Required work: Copy the lines below word for word, skipping any image.

Start of Records for processing

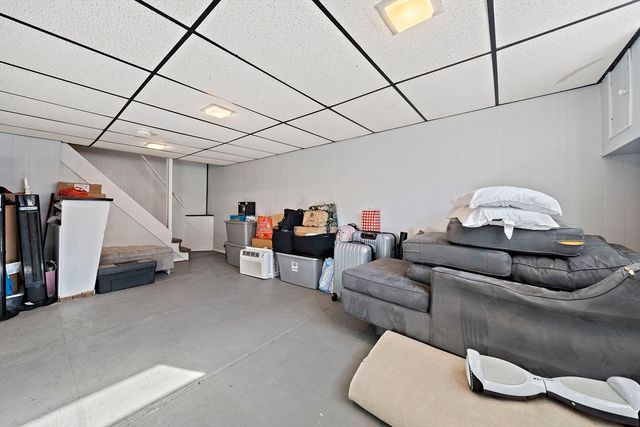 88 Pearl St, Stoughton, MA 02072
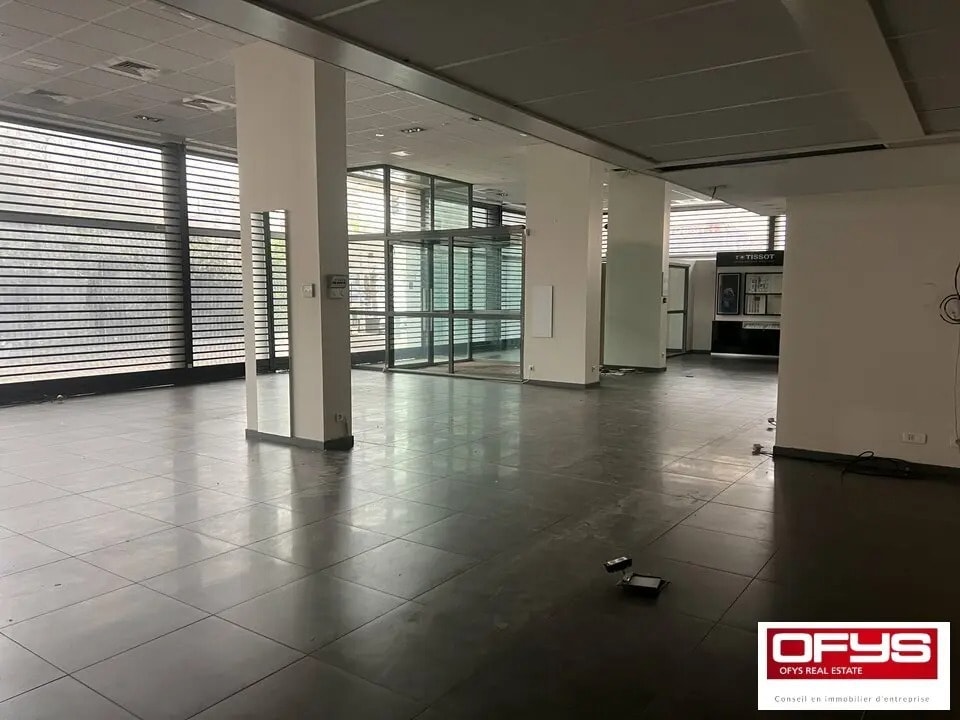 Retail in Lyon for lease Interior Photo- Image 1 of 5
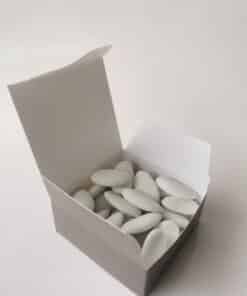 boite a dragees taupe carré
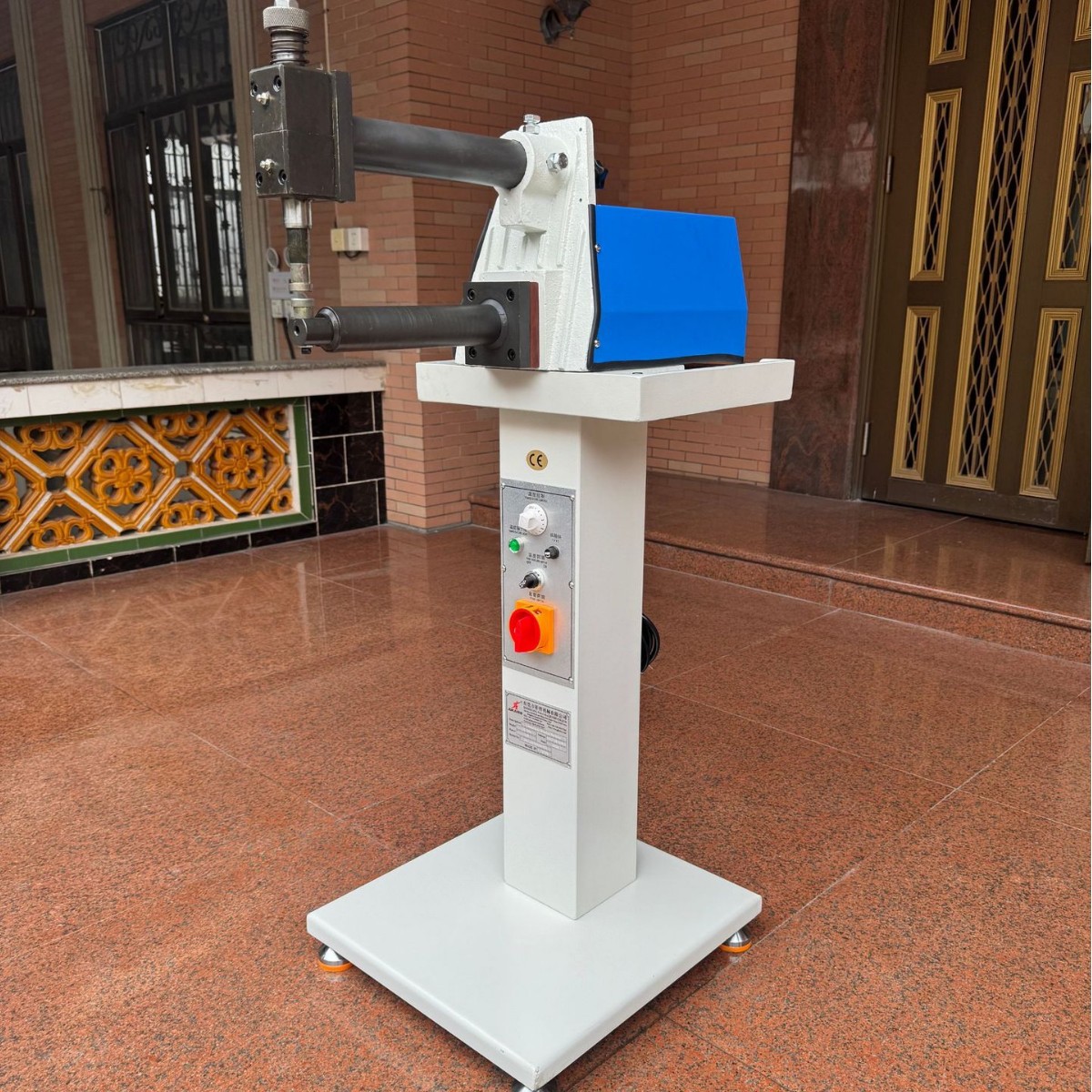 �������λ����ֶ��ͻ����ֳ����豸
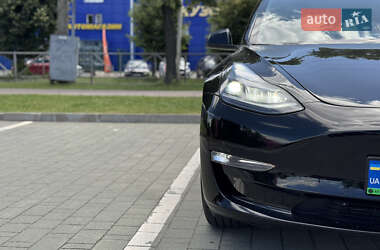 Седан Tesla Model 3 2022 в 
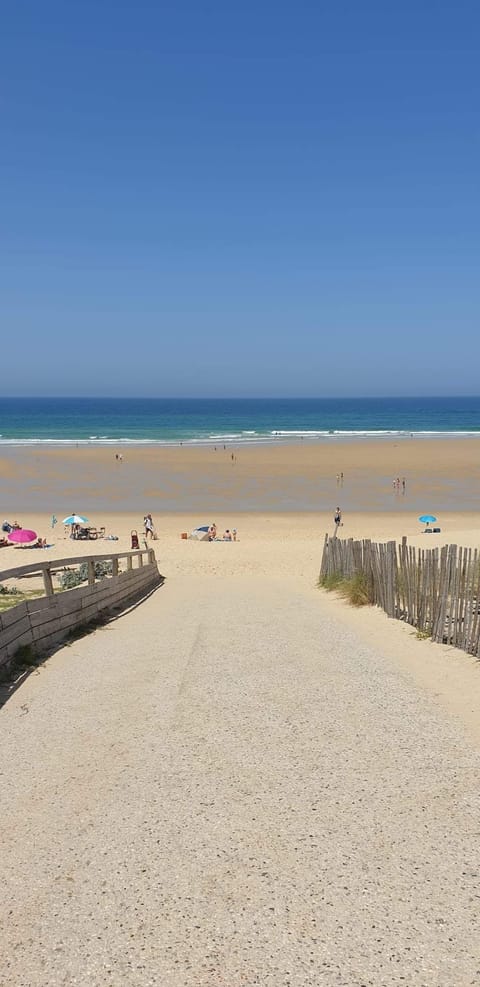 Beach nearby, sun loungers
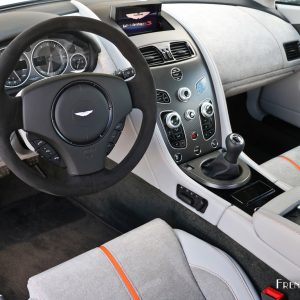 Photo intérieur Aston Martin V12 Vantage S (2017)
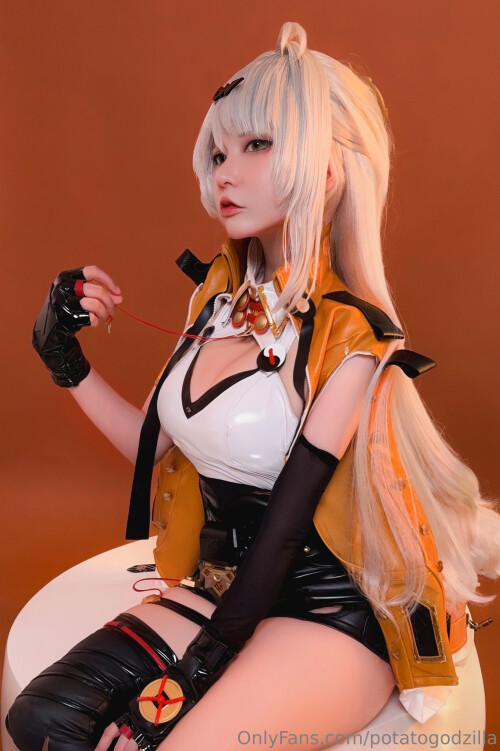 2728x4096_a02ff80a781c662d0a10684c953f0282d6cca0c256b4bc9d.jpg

End of Records for processing

Reply to the task:
 88 Pearl St, Stoughton, MA 02072
 Retail in Lyon for lease Interior Photo- Image 1 of 5
 boite a dragees taupe carré
 �������λ����ֶ��ͻ����ֳ����豸
 Седан Tesla Model 3 2022 в 
 Beach nearby, sun loungers
 Photo intérieur Aston Martin V12 Vantage S (2017)
 2728x4096_a02ff80a781c662d0a10684c953f0282d6cca0c256b4bc9d.jpg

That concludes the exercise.